Exercise instructions: All lines from the top of the records below through the line holding "Chic Antique –", and only those, should be printed exactly, minus the pictures.

___ Exercise material ___

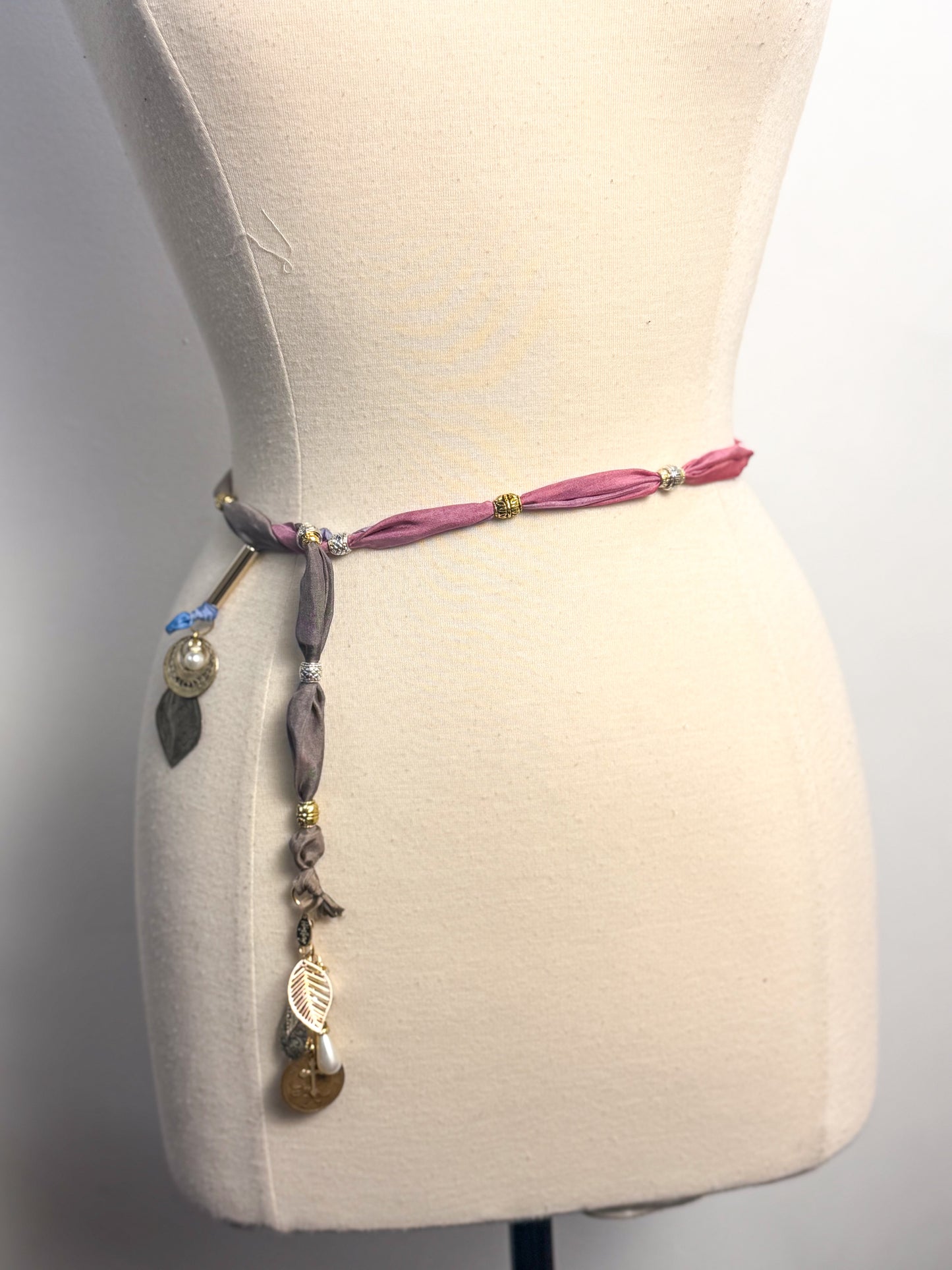 OOAK Silk Scarf Wrap Necklace or Belt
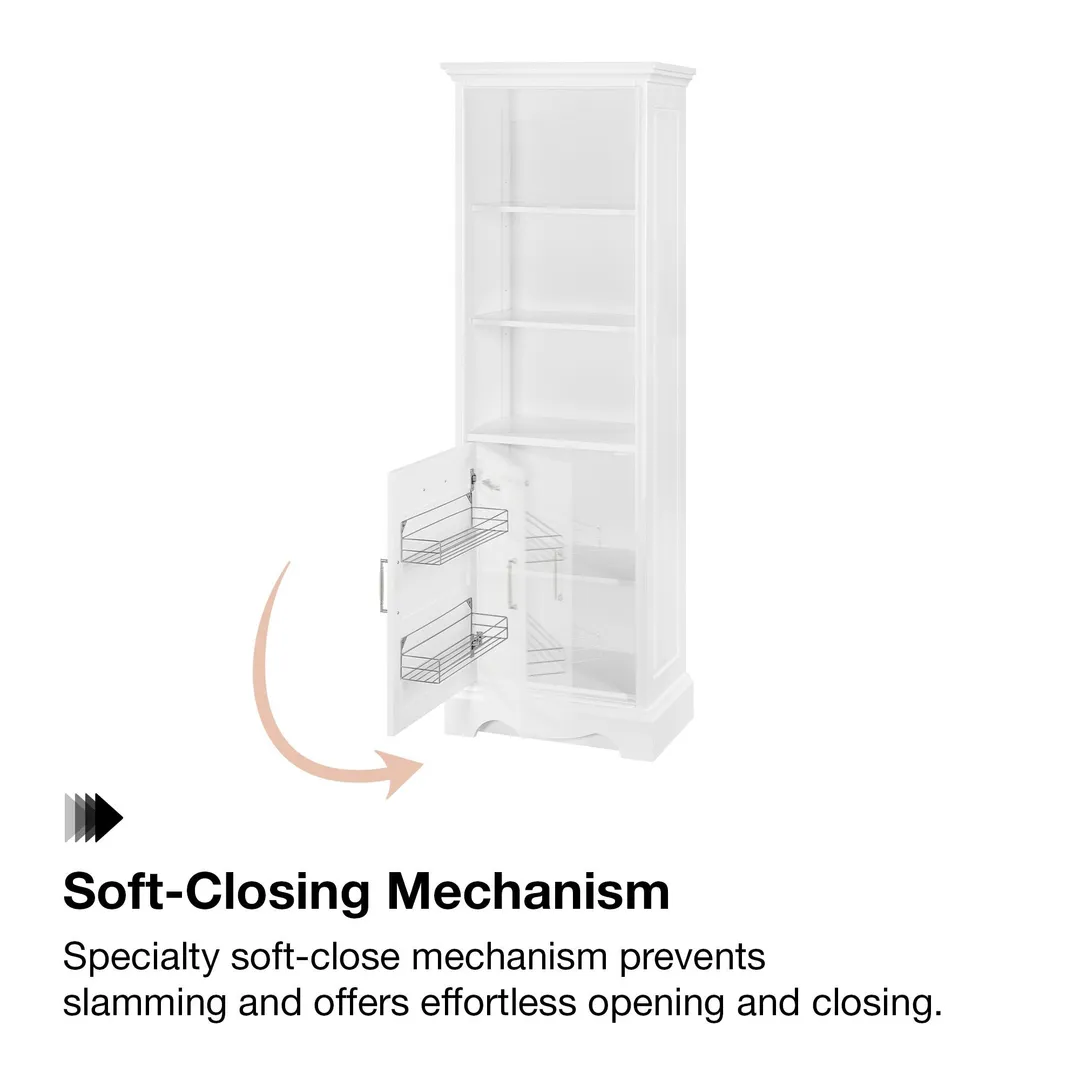 allen + roth Rutherfurd 24-in x 72-in x 15.98-in Swan White Wood Freestanding Soft Close Linen Cabinet, photo 5 of 14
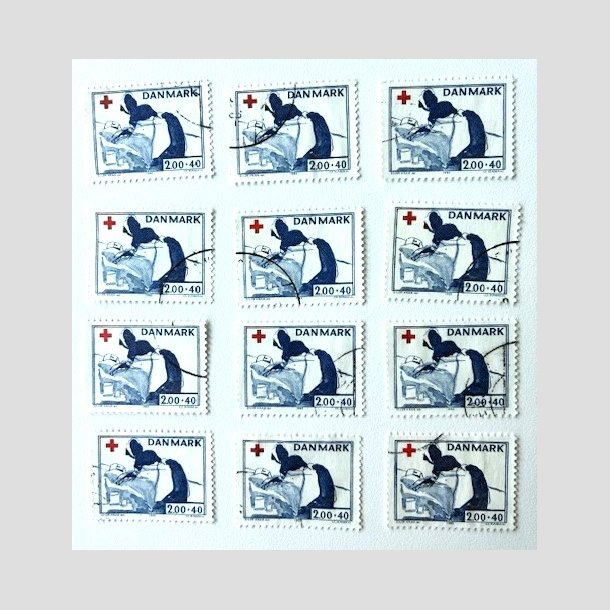 FRIM�RKER DANMARK | 1983 - AFA 764 - Dansk R�de Kors - 2,00 Kr. + 40 �re x 12 stk. - Hj�rnestemplet
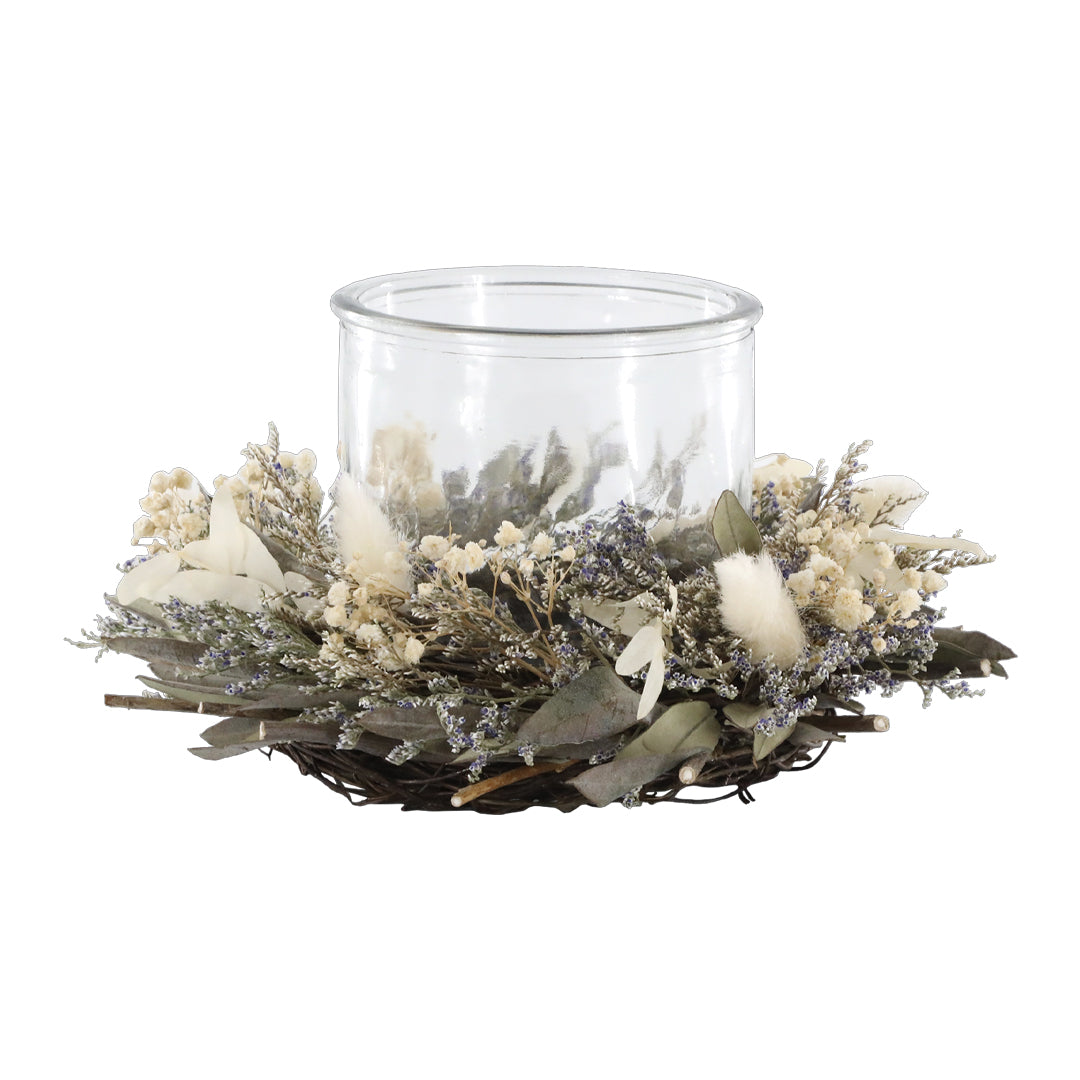 Chic Antique – Hurricane mit Blumenkranz – Natur Ø18 cm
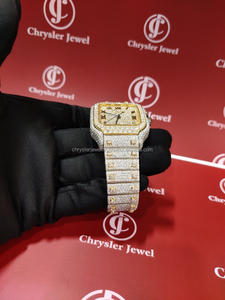 Moissanite Diamond Iced Out Watch Moissanite <b>Wrist</b> Analog Watch VVS Clarity Gift <b>for</b> <b>Men</b> Women Customized Watch Jewelry - Product Image 3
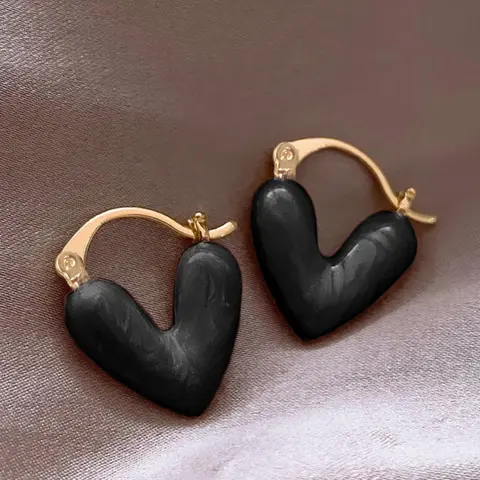 Mother's Day Gift Elegant Heart Shaped Dangle Hoop Earrings, Lightweight Chunky Hoops, Fashionable Jewelry for Women, Daily Clothing Decor, Trendy All-match & Exquisite Jewelry for Birthday Gift, Casual Trendy Jewelry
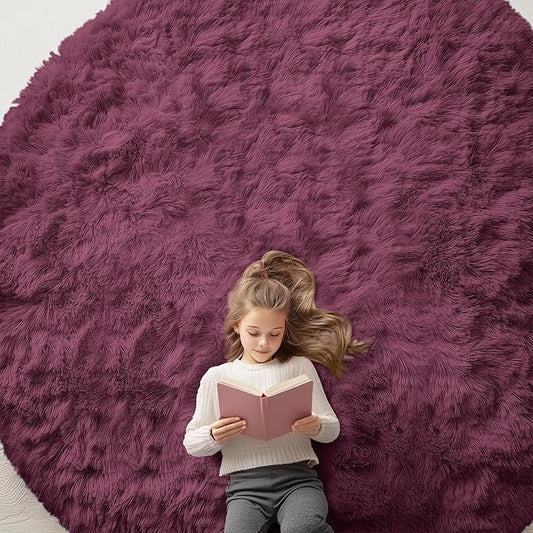 OLANLY Burgundy Round Rugs for Bedroom - Machine Washable, 9x9 Feet Circle Area Rugs for Living Room, Soft and Fluffy Shaggy Carpet for Teen Girls and Boys, Dorms, Nursery Rooms, Home Decor Aesthetic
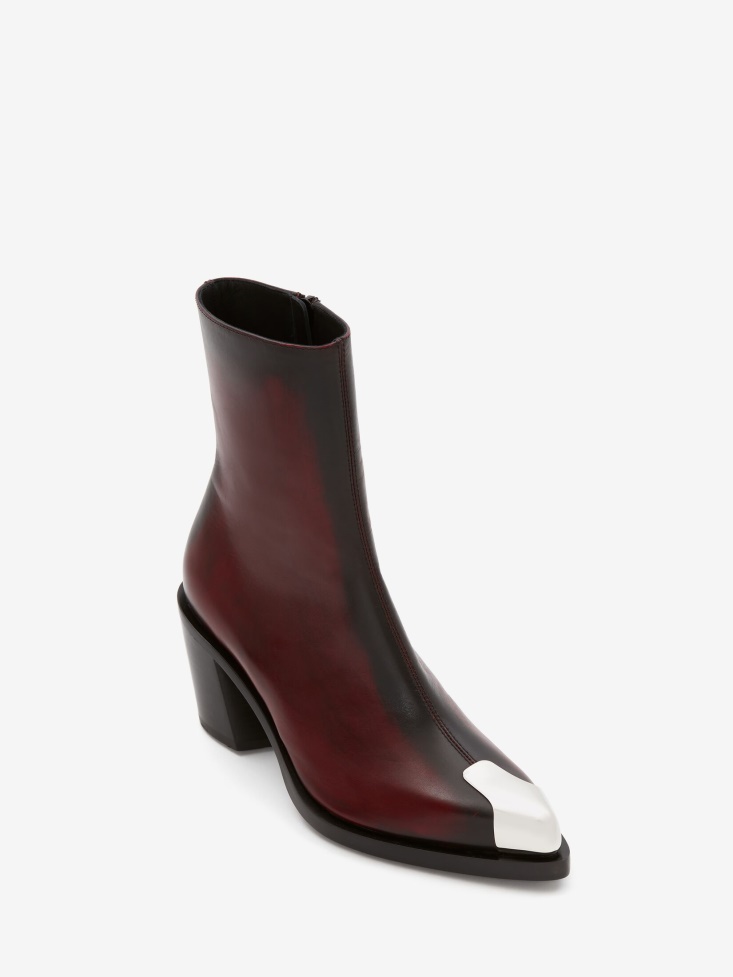 Women's Punk Boot Welsh Red/Silver Fashion Alexander McQueen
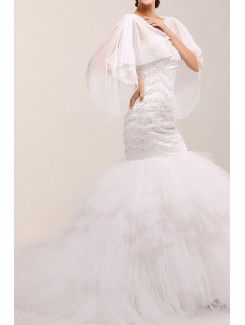 Net Scoop Sweep Train Mermaid Wedding Dress with Pearls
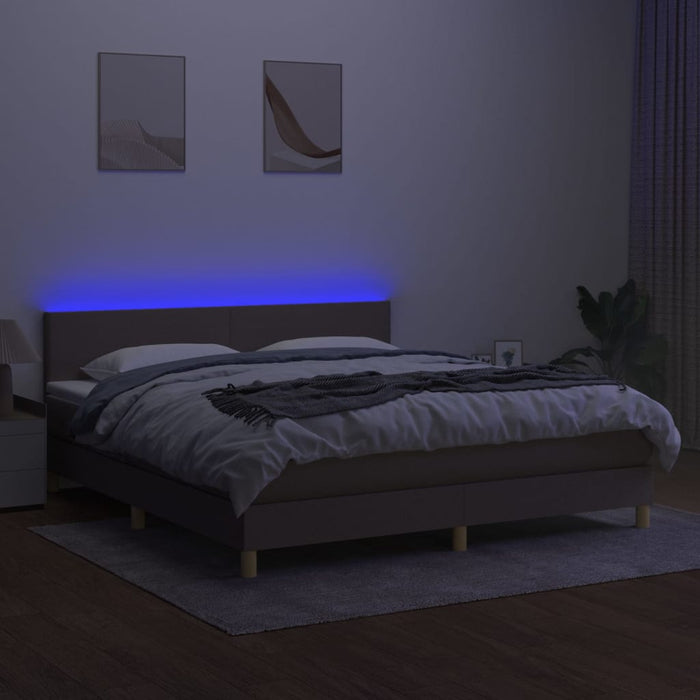 Pat cu arcuri, saltea și LED, gri taupe, 160x200 cm, textil WALTI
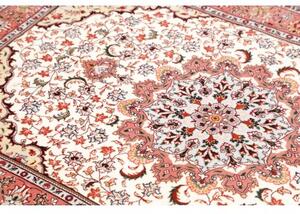 Tappeto Tabriz 50 Raj Medaglione Floreale Rosa Antico Avorio 102x150 Cm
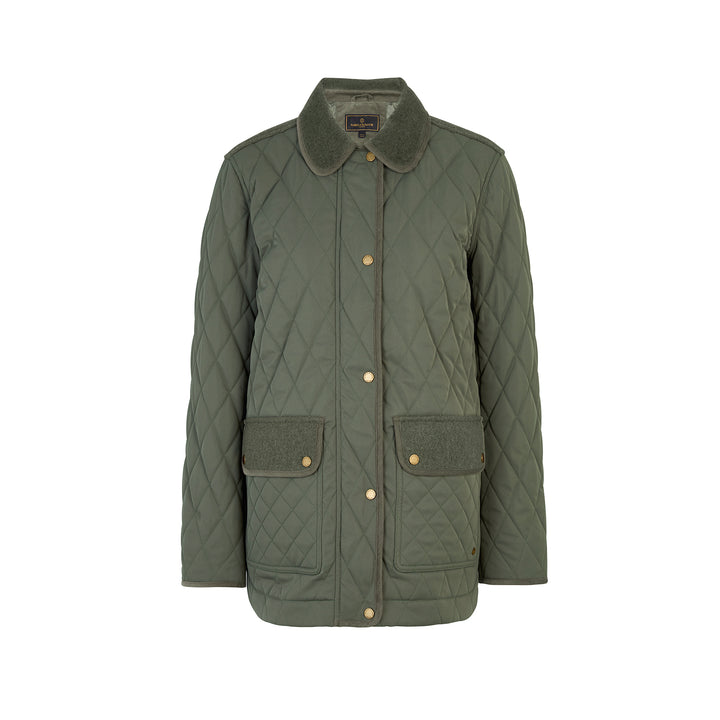 Fairfax & Favor Ladies The Lorna Quilted Wool Jacket - Khaki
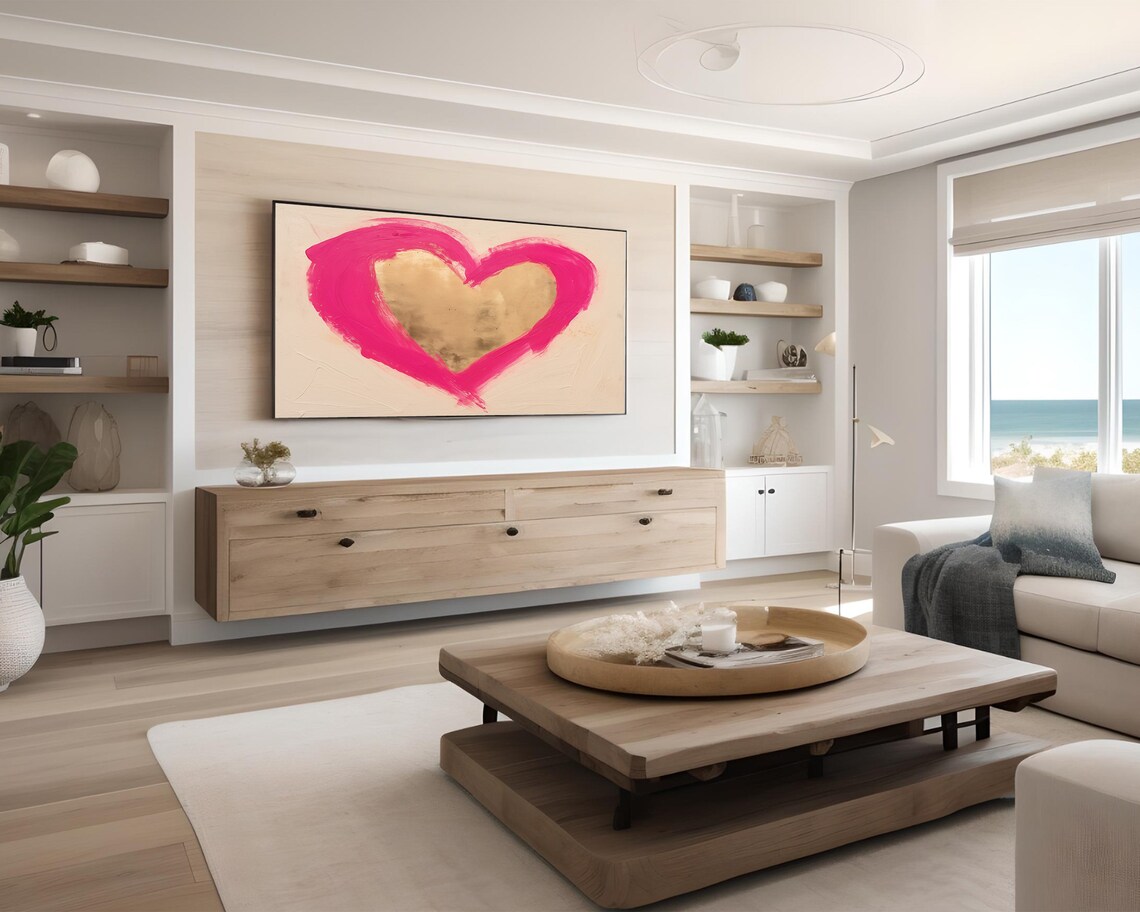 Modern Abstract Heart Art Print, Pink Gold - Image 2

___

Answer for the task:
 OOAK Silk Scarf Wrap Necklace or Belt
 allen + roth Rutherfurd 24-in x 72-in x 15.98-in Swan White Wood Freestanding Soft Close Linen Cabinet, photo 5 of 14
 FRIM�RKER DANMARK | 1983 - AFA 764 - Dansk R�de Kors - 2,00 Kr. + 40 �re x 12 stk. - Hj�rnestemplet
 Chic Antique – Hurricane mit Blumenkranz – Natur Ø18 cm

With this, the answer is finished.